Missouri Republicans had been facing pressure from President Donald Trump and his administration to implement a new congressional map to give the GOP an additional seat from the state in the 2026 midterms. After Texas Republicans successfully gerrymandered their state even further, Missouri Gov. Mike Kehoe (R) called a special session to rig the map for his state.
A lawsuit filed by the Missouri National Association for the Advancement of Colored People (NAACP) argues that the governor’s actions are a “blatant effort to silence Black voters and strip them of their fundamental rights.” The new GOP-drawn map carves the state’s 5th Congressional District — which is held by U.S. Rep. Emmanuel Cleaver (D-MO) — and makes it likely that he will lose the seat in the 2026 midterms and give the GOP seven of Missouri’s eight congressional seats.
A separate lawsuit was filed in Jackson County by voters in Cleaver’s district. The Missouri branch of the American Civil Liberties Union (ACLU) argues that the new map should be thrown out on the basis that redistricting before a decennial U.S. Census is an illegal action under the state’s constitution.
“In a blatant illegal and unconstitutional power grab, the governor bowed to the whims of Washington while sacrificing representation in both urban and rural populations of Missouri,” said Gillian Wilcox, director of litigation for the ACLU of Missouri, who is representing the plaintiffs in the case.
Voters in the 5th Congressional District will also be represented by the Campaign Legal Center (CLC). Mark Gaber, CLC’s senior director of redistricting, claims that the Missouri Republicans assigned one precinct to two different congressional districts, illegally creating two different maps.
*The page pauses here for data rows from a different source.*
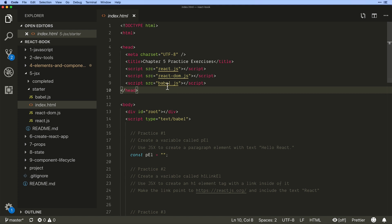Now you never want to run Babel like this in production. We're doing it in this case just because we're learning and it makes it simple so that we don't have to have any build tools to write JSX.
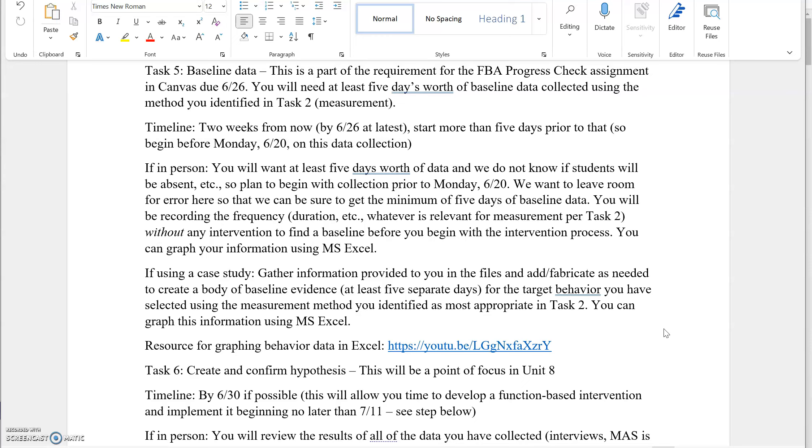Once you get that, you'll be graphing it. For the case study, this is where it gets a little tricky. There's a lot of information provided to you in the case study files. It really depends on what target behavior you select because there are examples given to you in this document. Some of the data you might see might be referencing other target behaviors. This is where the creativity comes in. If you're having trouble identifying which data set might be relevant or you feel like you need more, you can create your data and fabricate it for what you think, based on the information given to you. Make an educated guess of what you would see as a baseline.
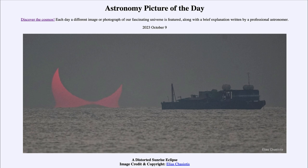So that was our picture of the day for October 9th of 2023, titled 'A Distorted Sunrise Eclipse.' We'll be back again tomorrow for the next picture, previewed to be 'Hidden in Orion.' We'll see what that's about tomorrow, and until then, have a great day everyone — I will see you in class.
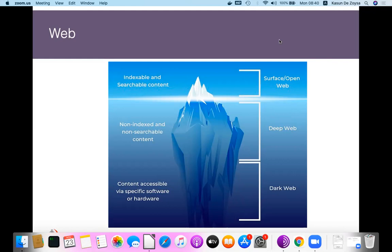In the deep web, content is not searchable because search engine robots or spiders may not see this content. In order to access this content, we always need to provide some authentication. So the deep web is where we have personal access. The third part we call the dark web — it is content accessible only using specific software and hardware. One of the popular open technologies, called TOR, is discussed in this lecture.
(3) The process was so slapdash and rushed that the Legislature assigned one Kansas City precinct to TWO congressional districts. So they actually passed two maps, creating malapportioned and noncontiguous districts pic.twitter.com/LHeZKIs0EL
— Mark Gaber (@markpgaber) September 12, 2025
The maps could also face a direct democracy challenge from the group People NOT Politicians, who filed a citizen referendum after the maps were passed on Friday. This process seeks to put the map on the 2026 ballot for voters to decide on whether to implement it. People NOT Politicians would need to collect 100,000 signatures in 90 days to successfully put the map on the ballot.
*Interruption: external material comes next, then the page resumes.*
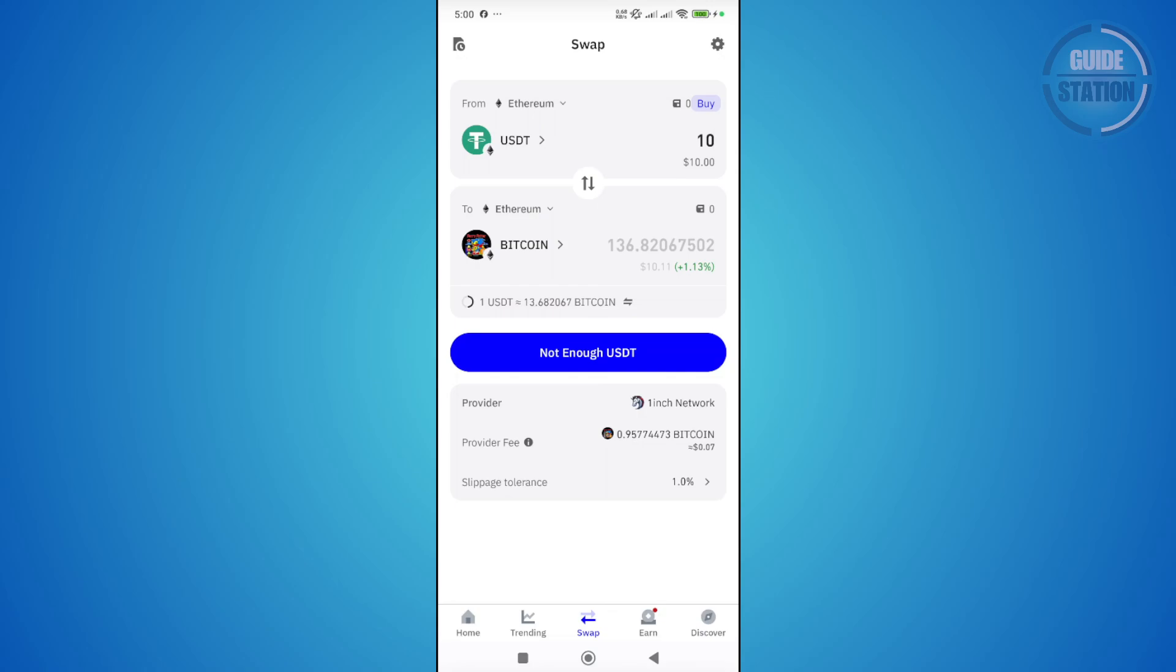Typically, if there is a route for the swap you're trying to do, for example, swapping USDT to Ethereum or Bitcoin, this is what it will look like. You need to have enough funds.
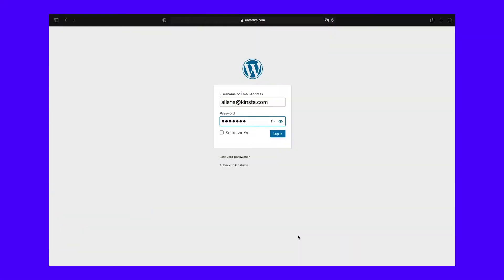If you don't want to forget about it, just bookmark your preferred URL. Alternatively, there is a Remember Me option in the WordPress login form, which will allow you to stay logged in and reach the admin dashboard for a few days without the need to log in again.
The organization first needs approval from the Secretary of State’s Office, which is waiting on Attorney General Catherine Hanaway (R) for legal review and State Auditor Scott Fitzpatrick (R) for a cost estimate.
“Only after the Attorney General has rendered an opinion on legal sufficiency and the secretary of state has reviewed those comments can this office make a final determination regarding the approval or rejection of the form of the petition,” the office said in a letter to People NOT Politicians.